## Problem details
Beginning with the first line, please repeat the entries exactly and end on the line that contains "2017 Honda Ridgeline".

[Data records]
☆ ☆ ☆

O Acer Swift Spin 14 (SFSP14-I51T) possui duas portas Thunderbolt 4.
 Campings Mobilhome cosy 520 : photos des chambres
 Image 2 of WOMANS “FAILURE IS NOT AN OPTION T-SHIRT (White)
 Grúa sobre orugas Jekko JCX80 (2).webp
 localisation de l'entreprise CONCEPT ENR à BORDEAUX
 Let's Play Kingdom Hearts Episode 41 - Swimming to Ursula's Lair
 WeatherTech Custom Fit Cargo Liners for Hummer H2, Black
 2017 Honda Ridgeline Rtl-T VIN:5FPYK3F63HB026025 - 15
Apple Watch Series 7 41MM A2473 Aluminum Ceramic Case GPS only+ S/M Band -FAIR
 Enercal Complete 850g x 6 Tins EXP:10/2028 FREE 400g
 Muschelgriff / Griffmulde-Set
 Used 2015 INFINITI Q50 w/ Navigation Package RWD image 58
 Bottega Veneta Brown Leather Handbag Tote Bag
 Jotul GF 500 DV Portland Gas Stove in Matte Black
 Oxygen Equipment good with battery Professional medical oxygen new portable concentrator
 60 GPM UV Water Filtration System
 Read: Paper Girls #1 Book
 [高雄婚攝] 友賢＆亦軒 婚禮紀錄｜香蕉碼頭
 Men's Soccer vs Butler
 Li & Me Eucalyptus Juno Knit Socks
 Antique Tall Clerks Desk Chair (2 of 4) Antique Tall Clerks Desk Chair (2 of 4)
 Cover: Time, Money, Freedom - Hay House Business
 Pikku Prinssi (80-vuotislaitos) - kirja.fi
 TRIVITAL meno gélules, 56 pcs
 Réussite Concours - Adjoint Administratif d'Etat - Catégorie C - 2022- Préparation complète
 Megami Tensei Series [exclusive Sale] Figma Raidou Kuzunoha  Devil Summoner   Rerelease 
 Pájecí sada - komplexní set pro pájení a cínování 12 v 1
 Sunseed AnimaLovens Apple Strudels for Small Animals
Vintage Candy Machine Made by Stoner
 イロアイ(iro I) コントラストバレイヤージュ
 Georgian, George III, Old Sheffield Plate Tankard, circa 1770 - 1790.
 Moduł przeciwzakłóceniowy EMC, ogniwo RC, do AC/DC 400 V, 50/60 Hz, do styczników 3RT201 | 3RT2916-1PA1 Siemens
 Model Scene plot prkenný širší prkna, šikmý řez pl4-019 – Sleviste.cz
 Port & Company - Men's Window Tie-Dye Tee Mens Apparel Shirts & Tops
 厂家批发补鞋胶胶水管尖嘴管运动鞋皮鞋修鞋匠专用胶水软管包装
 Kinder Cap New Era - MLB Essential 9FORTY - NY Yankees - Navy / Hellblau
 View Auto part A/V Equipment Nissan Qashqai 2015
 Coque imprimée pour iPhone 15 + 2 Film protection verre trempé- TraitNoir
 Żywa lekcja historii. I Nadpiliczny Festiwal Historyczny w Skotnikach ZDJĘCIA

☆ ☆ ☆

## Result of the task
O Acer Swift Spin 14 (SFSP14-I51T) possui duas portas Thunderbolt 4.
 Campings Mobilhome cosy 520 : photos des chambres
 Image 2 of WOMANS “FAILURE IS NOT AN OPTION T-SHIRT (White)
 Grúa sobre orugas Jekko JCX80 (2).webp
 localisation de l'entreprise CONCEPT ENR à BORDEAUX
 Let's Play Kingdom Hearts Episode 41 - Swimming to Ursula's Lair
 WeatherTech Custom Fit Cargo Liners for Hummer H2, Black
 2017 Honda Ridgeline Rtl-T VIN:5FPYK3F63HB026025 - 15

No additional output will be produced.